Syrian rescue workers stand inside a damaged Aleppo school following a reported government airstrike on Wednesday. U.S. officials said Syria's regime is refusing to relinquish chemical weapons over a standoff about how to handle one-time storage sites. Syrian rescue workers stand inside a damaged Aleppo school following a reported government airstrike on Wednesday. U.S. officials said Syria's regime is refusing to relinquish chemical weapons over a standoff about how to handle one-time storage sites. (Zein al-Rifai/AFP/Getty Images)

U.S. officials said Syria's government is withholding chemical arms to bargain in a dispute over former holding sites, the Washington Post reports.

Syrian President Bashar Assad's regime has placed all but 8 percent of its declared chemical arsenal in international custody under a deal reached last year, but is now holding on to 27 tons of sarin nerve agent ingredients at the divided country's capital, the newspaper reported on Wednesday. The government agreed to dismantle its stockpile after sarin killed hundreds of people in an area held by opposition forces, spurring threats of a foreign military backlash.

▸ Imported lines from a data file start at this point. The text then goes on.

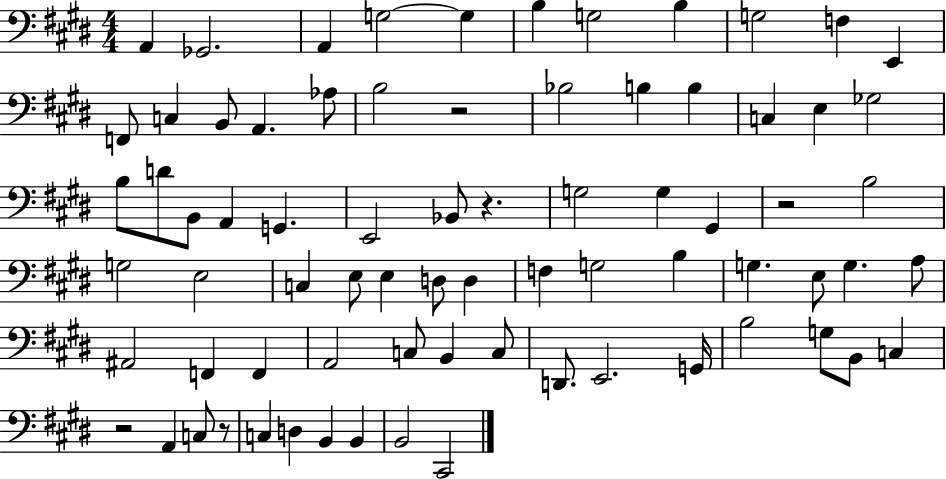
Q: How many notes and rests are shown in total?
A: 75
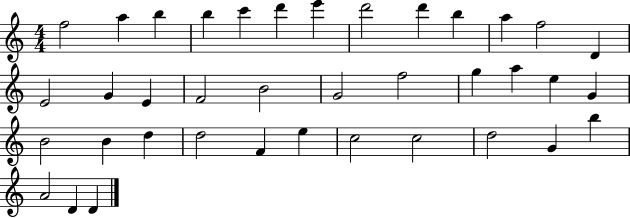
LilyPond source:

{
  \clef treble
  \numericTimeSignature
  \time 4/4
  \key c \major
  f''2 a''4 b''4 | b''4 c'''4 d'''4 e'''4 | d'''2 d'''4 b''4 | a''4 f''2 d'4 | \break e'2 g'4 e'4 | f'2 b'2 | g'2 f''2 | g''4 a''4 e''4 g'4 | \break b'2 b'4 d''4 | d''2 f'4 e''4 | c''2 c''2 | d''2 g'4 b''4 | \break a'2 d'4 d'4 | \bar "|."
}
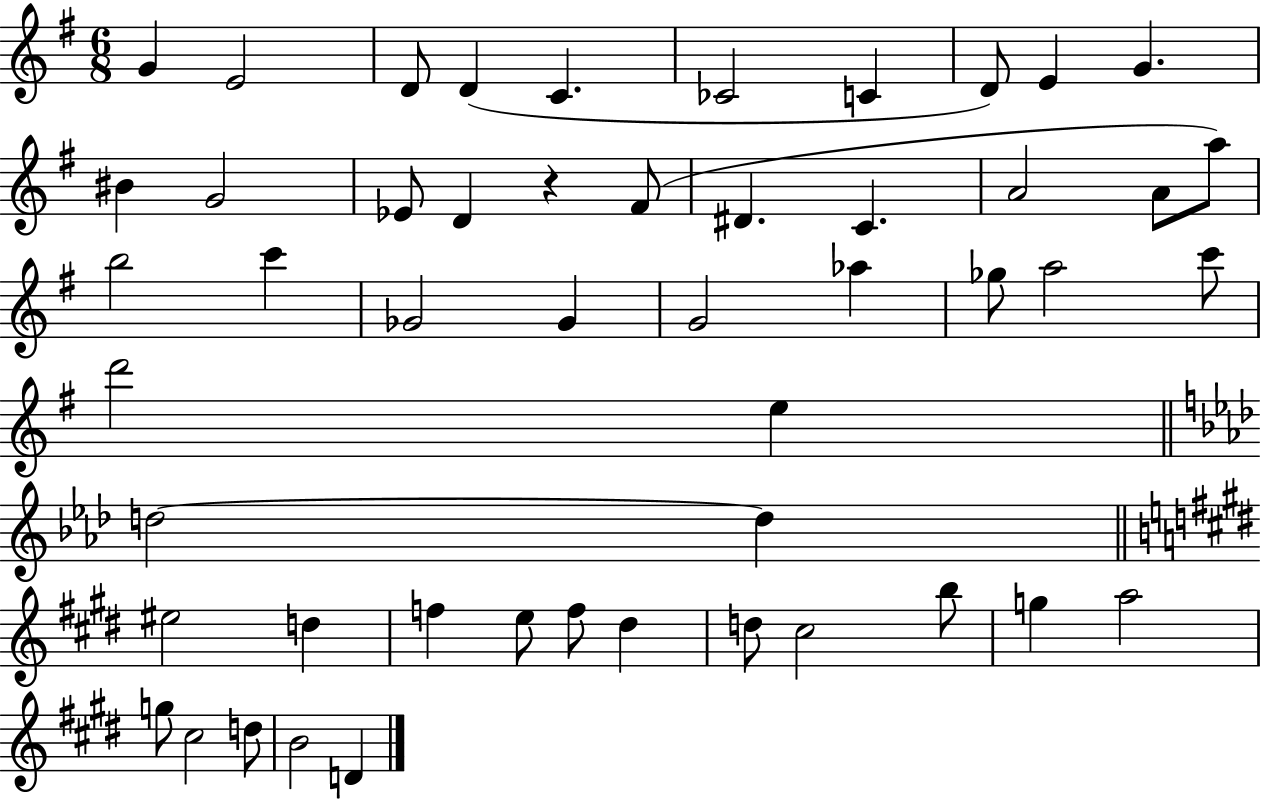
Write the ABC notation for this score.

X:1
T:Untitled
M:6/8
L:1/4
K:G
G E2 D/2 D C _C2 C D/2 E G ^B G2 _E/2 D z ^F/2 ^D C A2 A/2 a/2 b2 c' _G2 _G G2 _a _g/2 a2 c'/2 d'2 e d2 d ^e2 d f e/2 f/2 ^d d/2 ^c2 b/2 g a2 g/2 ^c2 d/2 B2 D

One U.S. government insider said the Syrian regime is "stalling for time" in a bid to avoid destroying structures that previously housed warfare chemicals. The source suggested that Damascus would eventually relinquish the stocks.

In a related development, U.S. intelligence services have largely concluded that Assad's government was responsible for an April chlorine-gas attack reported in the town of Kfar Zeita, according to a high-level U.S. insider.

Still, the potential to disrupt the removal of Syria's sarin ingredients has made Washington hesitant to call further attention to possible chlorine strikes, U.S. personnel told the Post.

There is "not much we can do" about the alleged chlorine attacks, a high-level insider said. Use of the substance as a weapon is banned under a treaty that Assad's government signed last year, but the regime is under no obligation to rid the country of the easily obtainable industrial material.

Separately, France, the United Kingdom and the United States have all claimed to possess indications that Assad's regime is concealing additional chemical arms, a source at the world's chemical-arms watchdog told the Daily Beast for a Thursday report.

"Those allegations remain to be examined and there are intensive discussions on options for doing that," the insider said.